Minim Edukasi dan Sistem Pelaporan, Psikolog Nilai Sekolah Rentan Kasus Child Grooming
NU Online · Rabu, 21 Januari 2026 | 17:30 WIB
Ayu Lestari
Kontributor
Jakarta, NU Online
Kasus child grooming di lingkungan sekolah kerap berlangsung secara perlahan dan sulit dikenali, lantaran pelaku sengaja membangun relasi yang tampak normal di mata korban maupun orang dewasa di sekitarnya. Kondisi ini diperparah oleh minimnya edukasi dan sistem pelaporan yang belum memadai di banyak institusi pendidikan.
Hal tersebut disampaikan Psikolog Klinis Universitas Potensi Utama Sumatra Utara, Fadhilla Fajrah, saat membahas fenomena kekerasan seksual terhadap anak di lingkungan sekolah.
Menurut Fadhilla, child grooming tidak selalu diawali dengan kontak fisik. Justru, manipulasi emosional kerap menjadi pintu masuk utama yang luput dari kewaspadaan.

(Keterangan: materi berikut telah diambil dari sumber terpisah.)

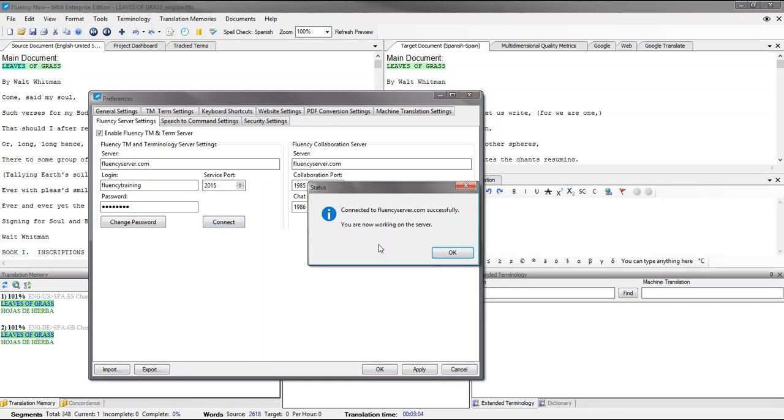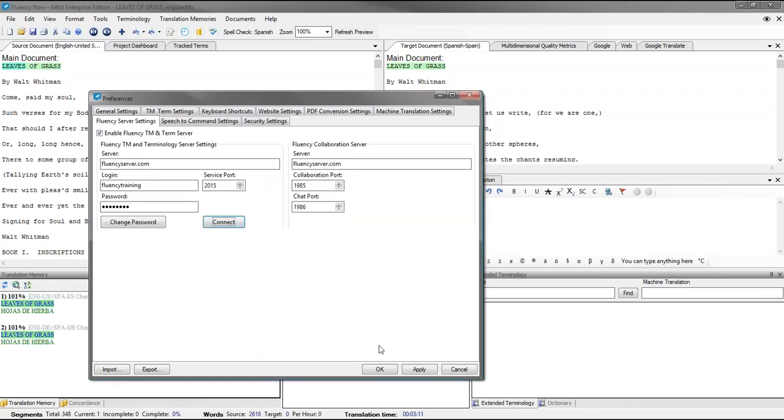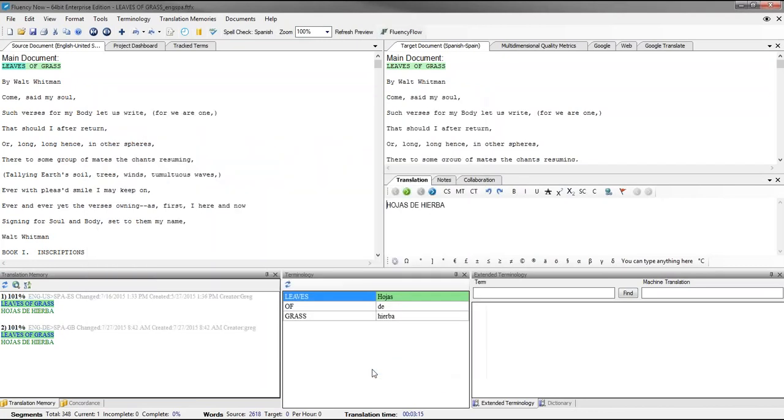You'll receive notification if you have successfully been connected to your Fluency server or not. Go ahead and click OK. OK one more time to close the Preferences menu.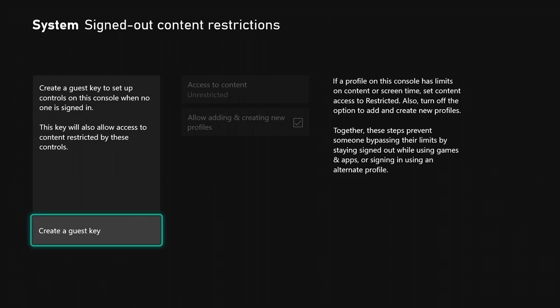They can't use or purchase anything from your account, but they can do things on your Xbox. This will make it so they cannot add any type of stuff.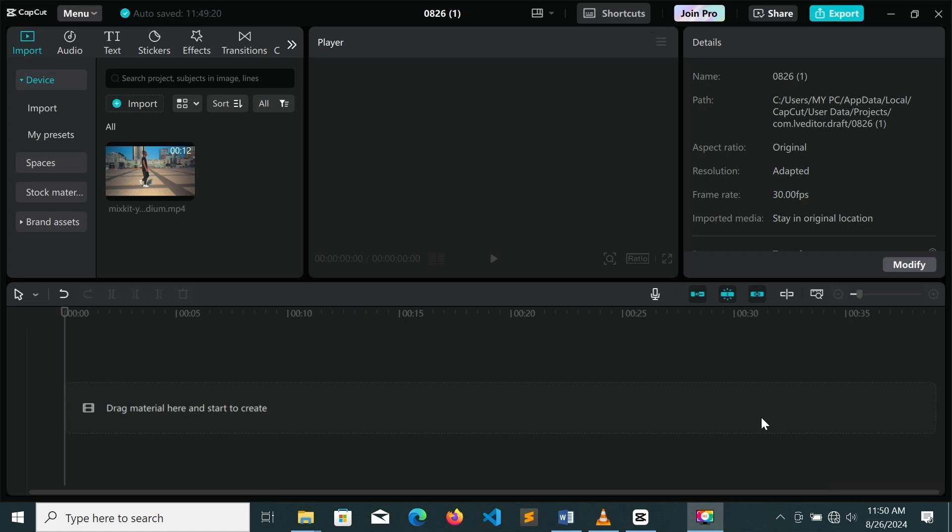Hello guys, in this video I'm going to show you how you can make a text reveal while walking using CapCut PC. So let's get into the video.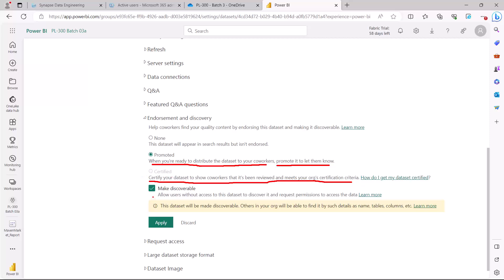Then there is also a flag which says make discoverable. Once you check this flag, then it allows the users without access to this dataset to discover it and request permission to access this data. Otherwise, the users do not see if the dataset is none and the users who do not have the access to the data. If you make this discoverable, then they can obviously ask for a request that permissions may be granted to them so that they can use this dataset.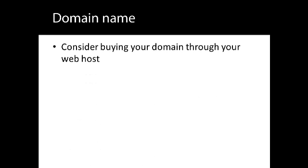Although there are hundreds of places to buy a domain, start by checking with your web host. Most hosts provide domains as well as hosting, and it's advantageous to use the same supplier for both, so you just have the one contact.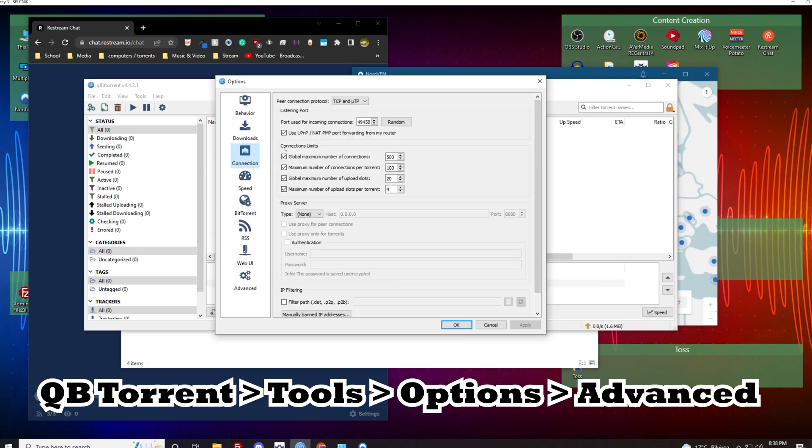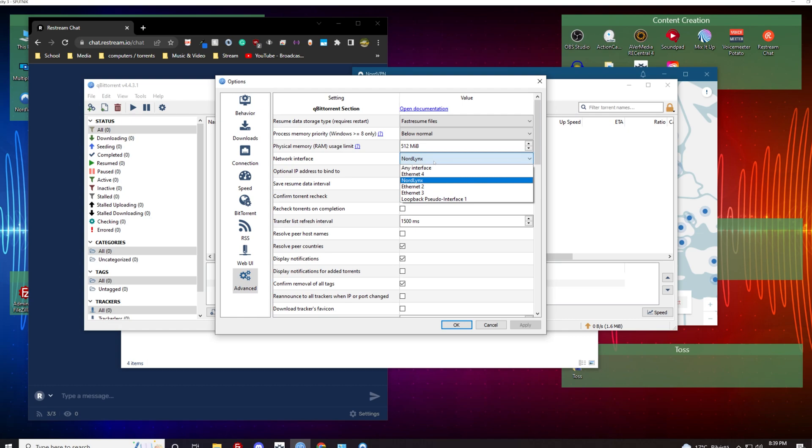Come down to advanced and you can see here NordLynx. I have a whole bunch of other interfaces here but you want to make sure the network interface says NordLynx. If you do not see this option then you have to probably turn Nord on.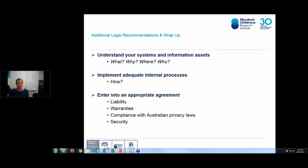Where you are sharing research data that includes personal information for a reason you haven't been able to de-identify, it's important to always have a good legal agreement — a research collaboration agreement with the people you're sharing information with — that covers things like liability and warranties. It's something you should always run past your legal team.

“Pelaku biasanya membangun kepercayaan terlebih dahulu (building trust). Mereka bersikap perlahan dan tidak mencurigakan. Banyak orang dewasa masih mengira grooming hanya soal sentuhan fisik, padahal manipulasi emosional sering terjadi jauh lebih dulu,” ujarnya.
Ia menjelaskan, relasi kuasa menjadi faktor kunci dalam kasus grooming di sekolah. Ketika pelaku memiliki otoritas, baik sebagai guru, staf sekolah, maupun figur dewasa lain, korban cenderung takut menolak atau melapor. Ketimpangan relasi kuasa (power imbalance) ini diperparah oleh keterbatasan psikologis dan sosial anak, termasuk latar belakang pendidikan serta kondisi ekonomi keluarga.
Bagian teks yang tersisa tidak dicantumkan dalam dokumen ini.